**EXERCISE INPUT**:

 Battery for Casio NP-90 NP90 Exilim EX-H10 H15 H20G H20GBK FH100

...

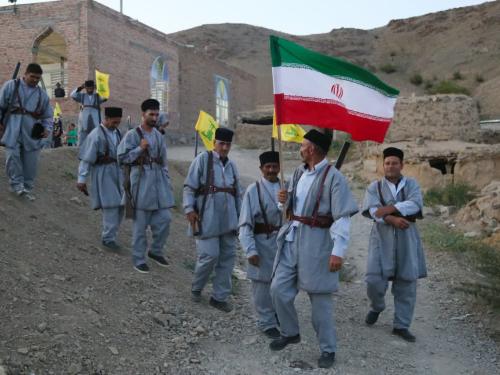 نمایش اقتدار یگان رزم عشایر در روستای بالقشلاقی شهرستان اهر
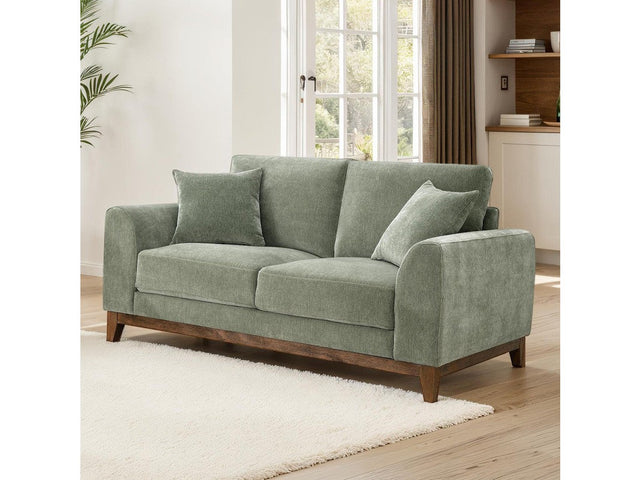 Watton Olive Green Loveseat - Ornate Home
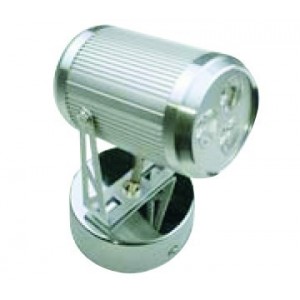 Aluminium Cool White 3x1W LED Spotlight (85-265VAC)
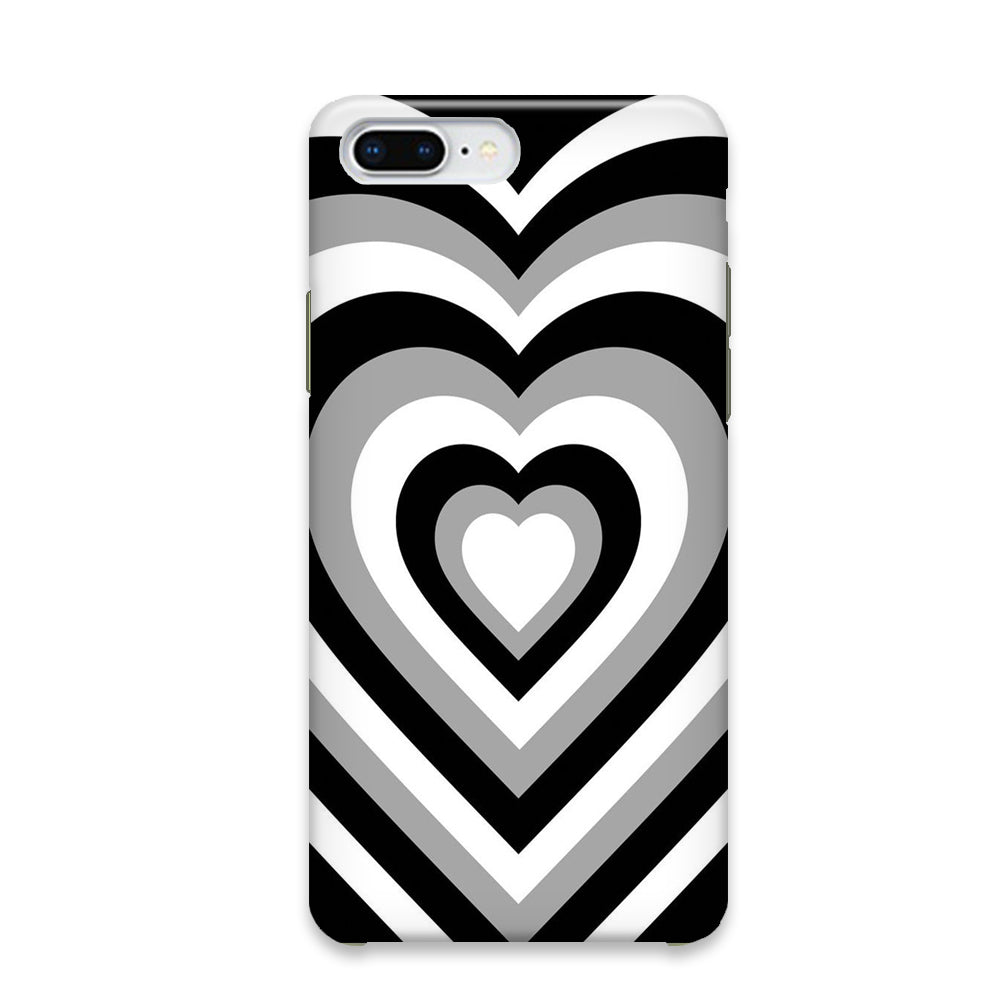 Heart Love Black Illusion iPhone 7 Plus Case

**TASK DETAILS**:
From the material above, reproduce only what runs from the line holding "Watton Olive Green Loveseat - Ornate Home" down to the line holding "Heart Love Black Illusion iPhone 7 Plus Case", both included, pictures excluded.

**TASK SOLUTION**:
 Watton Olive Green Loveseat - Ornate Home
 Aluminium Cool White 3x1W LED Spotlight (85-265VAC)
 Heart Love Black Illusion iPhone 7 Plus Case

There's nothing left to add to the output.